To divide, you do the opposite; multiply first, then perform the divide.

A common fixed-point format would be 16:16, where the first 16 bits are the integer part, and the lower 16 bit are the fractional part. For my current game project, I use a wide range of different formats, in order to cover different ranges of values used in different parts of the game engine. To sum it up, I use 2:30, 8:24, 16:16, 24:8, 28:4, 2:14, 8:8, 11:5, 2:8 and 4:4. Most of them are 32-bit values, but some are 16 bit, 10 bit and some even just 8 bit.

Do Not Use Division

Your game project should not perform a single division. The ARM processor does not have native support for division. Every time you perform a division, it costs you several thousand cycles. A 132 MHz ARM is theoretically capable of performing 132 million instructions (or 264 million instructions if 50 percent of them are shifts). But you are maxing the CPU out at about 70000 divisions per second. If your game runs at 70 frames per second, that means that you are using the processor to its maximum if you perform just 1,000 divisions for every frame you draw.

Try instead to replace all divisions with shifts and/or multiplications. Division by 16 can be written as a shift-right by 4. More complex divisions might be performed as a combination of shifts and/or multiplications.

Divisions can also be performed with lookup tables.
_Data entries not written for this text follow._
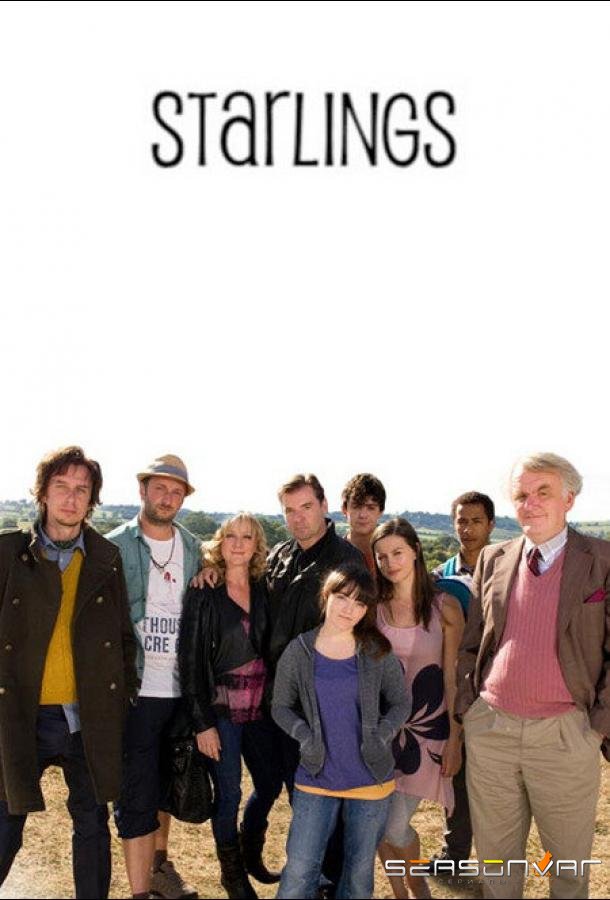 Старлинги / Starlings (2012)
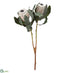 Silk Plants Direct Protea Spray - Beige - Pack of 6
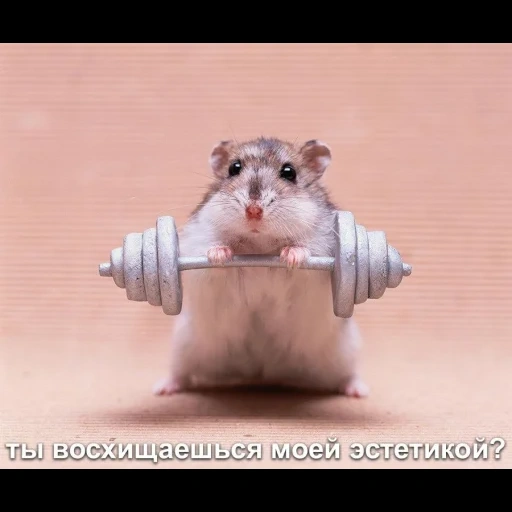 hamster, hamster with a bar, strong hamster, hamsters jokes, hamster with muscles
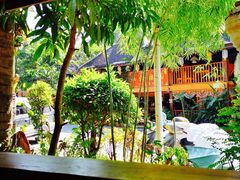 -纳兰傣雀傣味餐厅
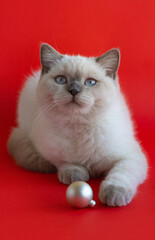 Cute white scottish shorthair kitten with Christmas ball on a red background. Greeting card. Poster. Beautiful kitten.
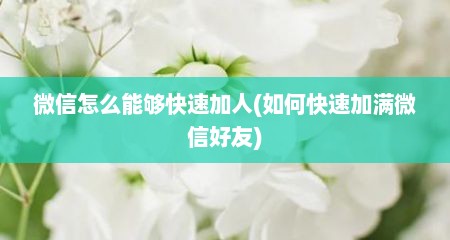 微信怎么能够快速加人(如何快速加满微信好友)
However, with both a 32-bit nominator and denominator, you need a two-dimensional lookup table which far exceeds the available amount of memory. One solution could be to reduce the problem domain.

In the expression a / b, you can insert a multiply by one wherever you want without changing the final result. So a * 1 / b yields the exact same result. In addition, you can rearrange the order of your multiplications and divisions, and write it as a * ( 1 / b ). Now, the division is reduced to 1 / b which only needs a one-dimensional lookup table. You can also reduce the lookup table further, by reducing the precision. Lets say that 16 bits of precision is sufficient in most cases, and you only need 64K entries in your lookup table. By finding the MSB (most significant bit) in b, you can use this info to shift both b and the result up or down to fit your 32-bit value and keep at the highest possible resolution. Even if you include the time it takes to fill a cache line from doing a random access to the division lookup table, you will end up with a worst case of less than 100 cycles—a 20-fold improvement over the standard division provided by the compiler—in exchange for a little loss of precision.

Use Data Types that Provide Just Enough Resolution to Handle Your Problem Domain

Memory access is one of the most important aspects for acheiving high performance code. This means you should try to use as small data types as possible to cover your problem domain. Do you really need 16 bit indexes in your meshes? Is it possible to reduce the number of bits to 8? With a maximum of 256 edges, 256 vertices, 256 light/shading values, 256 polygons, 256 normals and 256 texture coordinates, you might have to split some meshes into multiple smaller meshes. The benefit could be much faster memory access.

How do you use your normal vectors? Are they used primarily for light calculations or visibility testing? I use a 2:8 fixed point format for my normal vector components, meaning I have a full -1.99609375 to +1.99609375 range available, with a 0.00390625 resolution. In other words, I have 8 bits of fractional resolution to cover a full 360 degrees with 1.4 degrees resolution. On a tiny screen like 176x220, no one can tell the difference if a point is lit with a (worst case) +/- 0.7 degrees wrong direction to the light. The benefit is that I can store both x, y, and z components in a singe word.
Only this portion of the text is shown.